Case and point, the black and white fabric above is a good example of the "handpainted" prints popular in the fifties, like the Eduardo Paolozzi textiles below.

Something about this fabric with bicycles,

rocking chairs

and teapots-- random objects floating through gray squares-- reminded me of the things flying by the window in Dorothy's dream in the Wizard of Oz.

(you can watch it here  if the video doesn't come up)

These scream men's shirts from the fifties.

These remind me of the seashore and sailing.

Geometrics are paired with florals

 ..these medallions and hand-painted greenery brought to mind

the basil I planted recently, which is flourishing just like Lisabetta's in Boccaccio's Decameron.

Day IV, Novella 5.
Lisabetta’s brothers slay her lover: he appears to her in a dream, and shews her where he is buried: she privily disinters the head, and sets it in a pot of basil, whereon she daily weeps a great while. The pot being taken from her by her brothers, she dies, not long after. more of the story here

This is William Holman Hunt's painting of Keat's version of the story.
Unlike Lisabetta, I credit the health of my plant to Miracle Gro soil, not to my lover's head buried in the pot.

Sunday, April 14, 2013

Patterns gone awry and aright and all over the wall

....and what's wrong with this picture?
Earlier in the week I was working out the top half of the robe pattern, trying a couple of different versions of sleeves,  and basted one on upside down.  I immediately thought of having to hold my arm over my head all the time just to wear the robe, then I started thinking about how we try so hard to change our bodies to fit fashion, and then I wandered way off track into Italo Calvino's "Invisible Cities" territory and  imagined a city of people whose bodies have mutated to accommodate the shoddiness of the garment industry.
That was about as far down that path as I cared to wander.

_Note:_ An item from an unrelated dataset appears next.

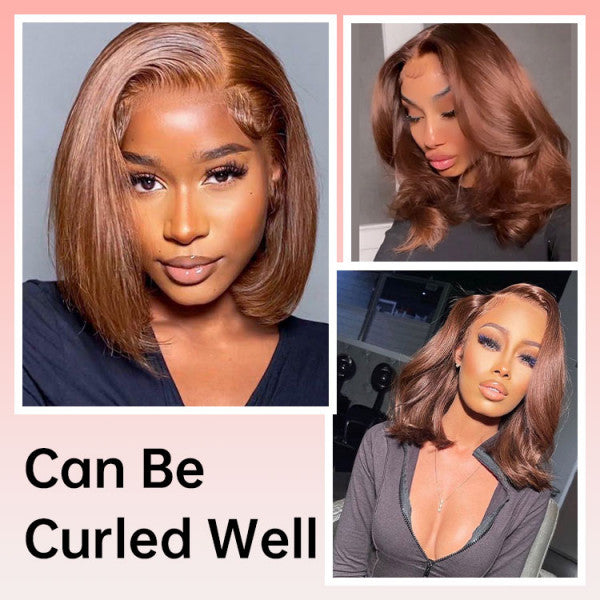 short-brown-wig-can be curled very well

... paths, brains, wandering is a diagram of the map our brain makes to locate ourselves in space-- for example, to remember where your car is in a parking lot.

Here's Neil Burgess explaining the idea in this TED talk 

Here is how is how we span space in steel.  Looks familiar. The structure itself is a construction of the force diagram as it appears in a physics book.

...close enough, anyway.  The point is that the same pattern that holds up the physical world around us is also inside of us, tracking where we are and where we've been.

This is an example of  a typical Islamic decorative motif.  Our aesthetic preference for complex triangulated geometry looks an awful lot like what our brain is doing when we're making a mental note of where the car is parked. Amazing.